After 20 years of service, owner France Télécom is pulling the plug by switching off the “X 25”, the network over which the service works.
A precursor to the internet, Minitel gave a dial-up information service over phone lines via special terminals, consisting of a screen using text and basic graphics, with a keyboard and modem. Long before the World Wide Web, people could use it, for example, to reserve trains, search for phone numbers, buy online, pay bills, play games or chat.
Free boss Xavier Niel was among those who made fortunes with the notorious “Minitel rose” sex chat services.
At the end of the 1990s about nine million of the brown or grey terminals were to be found in French homes and businesses and you could consult them in post offices; however it has since been rendered obsolete by the internet.
Its most-used service, 3611 directory enquiries, was supposed to be axed in 2009, but was reprieved because it was still relatively popular. Then a switch-off of the Minitel was planned in September 2011, but once again put off.
As many as 400,000 people are estimated to have still been using it at the start of this year, however this time the shut-down is definitive, says France Télécom.
The last reprieve was to allow any businesses still using it to adjust to the change. A team of around 100 people was put in place to help people swap to the internet.
Some users, often elderly, have no internet, while others say they just preferred the Minitel.
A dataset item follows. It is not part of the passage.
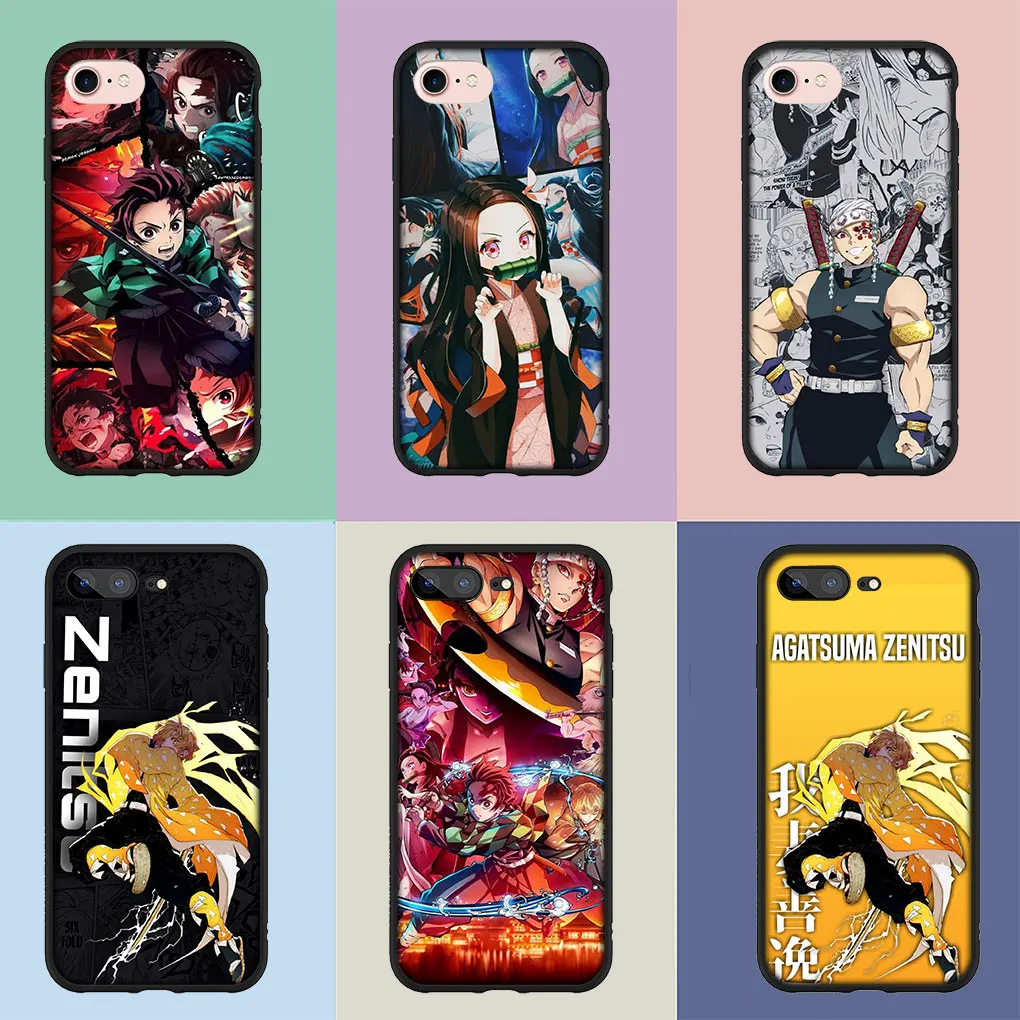 Мягкий чехол Demon Slayer Agatsuma Zenitsu Tanjirou для iPhone 16 15 14 13 12 Mini Pro XS Max X XR 7 8 Plus + телефона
One user, Gérard Neyret, 80, told France Info: “It’s simple, practical and fast and you aren’t bothered by adverts.”
However die-hards have also included some professionals, farmers, tobacconists and even supermarket chain Casino, who used it to make orders, or some doctors who used it instead of the internet to transfer details of consultations to the health insurance authorities electronically (instead of using paper feuilles de soins).
Some claim that attachment to the Minitel held back the internet in France, denied by an author on the Minitel, academic Benjamin Thierry, who has said, on the contrary, it helped prepare the French to use the web, and pioneered use of terms like “navigation” and “page”.
Orange shops are accepting old Minitels for recycling.